*** Opening of Records shown ***

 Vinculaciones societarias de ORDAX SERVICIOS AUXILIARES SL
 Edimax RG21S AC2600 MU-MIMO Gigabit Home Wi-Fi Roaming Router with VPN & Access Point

*** Close of Records shown ***
*** Opening of Records shown ***

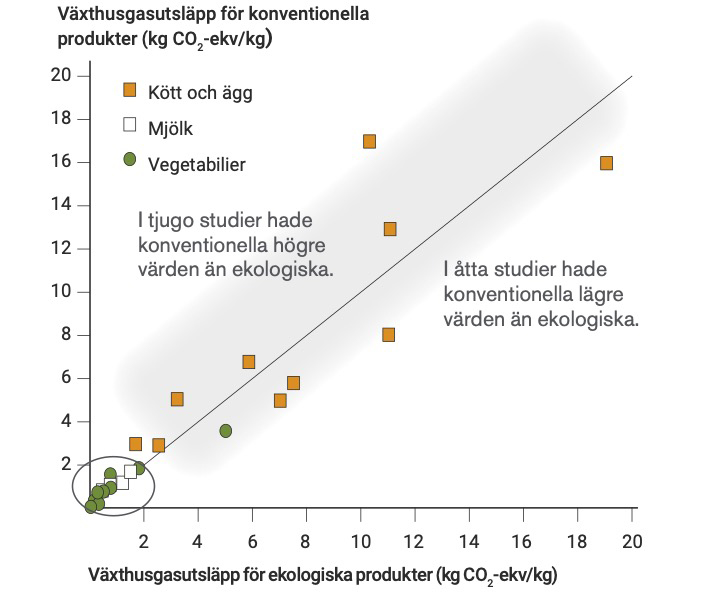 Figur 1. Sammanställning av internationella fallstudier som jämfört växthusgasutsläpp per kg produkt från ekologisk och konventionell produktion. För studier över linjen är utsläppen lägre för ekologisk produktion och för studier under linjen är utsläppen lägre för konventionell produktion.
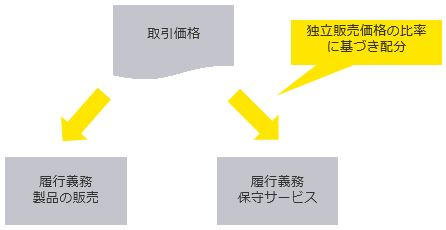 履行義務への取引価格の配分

*** Close of Records shown ***
*** Opening of Records shown ***

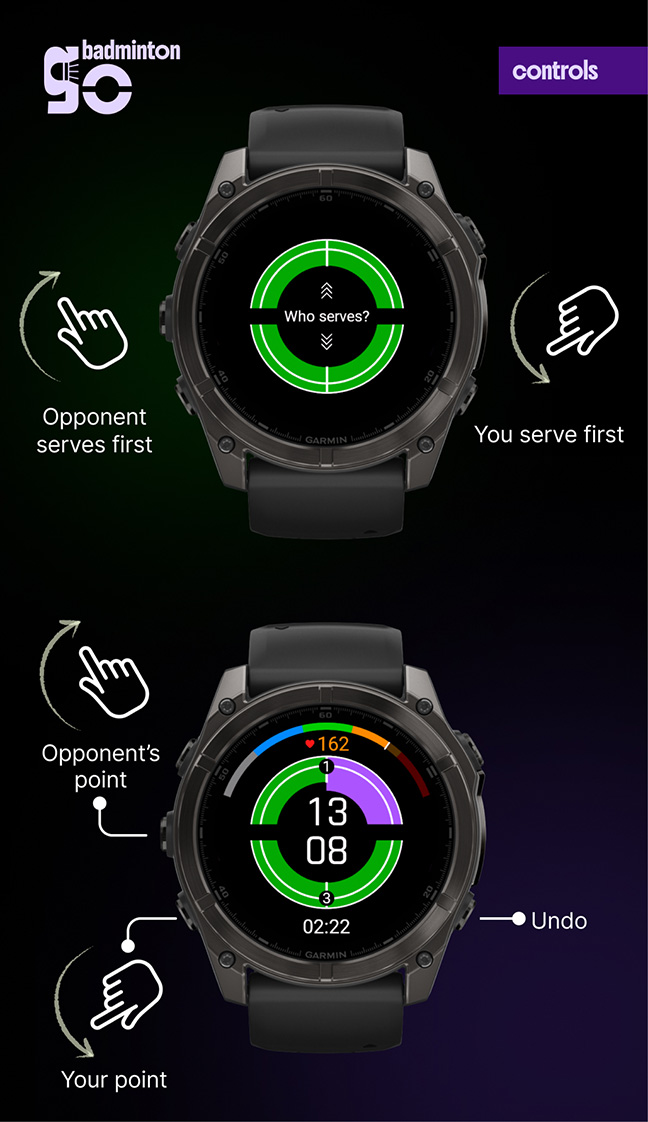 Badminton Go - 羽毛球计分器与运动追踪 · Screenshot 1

*** Close of Records shown ***

*Requirement*.
Retype only the stretch of lines above starting at the one with "Vinculaciones societarias de" and stopping at the one with "Edimax RG21S AC2600", exactly as written, with both kept.

*Response to the task*.
 Vinculaciones societarias de ORDAX SERVICIOS AUXILIARES SL
 Edimax RG21S AC2600 MU-MIMO Gigabit Home Wi-Fi Roaming Router with VPN & Access Point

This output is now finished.